Dennoch sind, wie Waldgirmes beweist, die Erwähnungen von Coloniae keine bloße Übertreibung.
 
Wir haben zunächst einmal nur eine colonia, nämlich Waldgirmes. Möglicherweise werden an Lippe, Main oder Lahn noch weitere coloniae gefunden. Möglicherweise werden auch manche coloniae niemals gefunden werden, obwohl sie existiert haben. Die Stelle bei Tacitus ist hierfür aber eben nicht heranzuziehen, weil sie zum Bedrohungsszenario gehört, dass Arminius entwirft und die Stelle bei Cassius Dio berichtet recht wage. Sie hatten schon angefangen Städte einzurichten. Die Angabe kann falsch sein, sie kann richtig sein, nur was heißt Städte? 2*n. n ist die große Unbekannte. Seitdem man aber Waldgirmes als zivile Siedlung identifiziert hat (Waldgirmes galt ja zunächst auch als militärischer Komplex) wird von manchen Heimatforschern (und Chronologiekritikern) an allen Ecken und Enden eine solche Siedlung gesehen und dann auf Waldgirmes und die doch sehr vage Stelle bei Cassius Dio verwiesen.
 
Alles wahr, aber mit Waldgirmes gibt es eigentlich keinen Grund mehr, den Plural anzuzweifeln. Wo eine Siedlung ist, können gut mehrere sein. Ob 2, 3 oder mehr können wir höchstens erraten.
 
Alles wahr, aber mit Waldgirmes gibt es eigentlich keinen Grund mehr, den Plural anzuzweifeln. Wo eine Siedlung ist, können gut mehrere sein. Ob 2, 3 oder mehr können wir höchstens erraten.

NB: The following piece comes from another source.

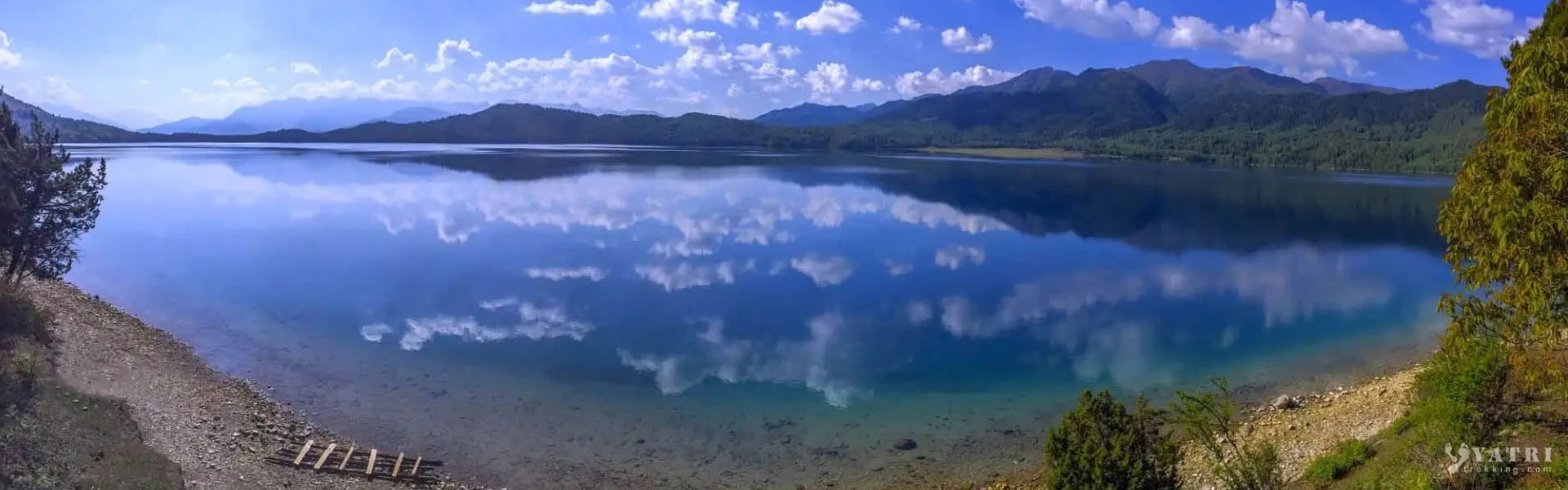 Wide panoramic banner view of crystal-clear Rara Lake reflecting blue skies, clouds, and surrounding green hills in the peaceful landscapes of western Nepal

Da sind wir uns doch im Grunde einig.
Es ist leider so, dass mancher diese doch eher lakonische Bemerkung Cassius' und den archäologischen Befund Waldgirmes sehr strapaziert. Wie gesagt: 2*n, wobei n unbekannt bleibt. Bisher haben wir lediglich einen positiven Beleg für die Aussage. Daraus machen manche ein ganzes Siedlungsnetz.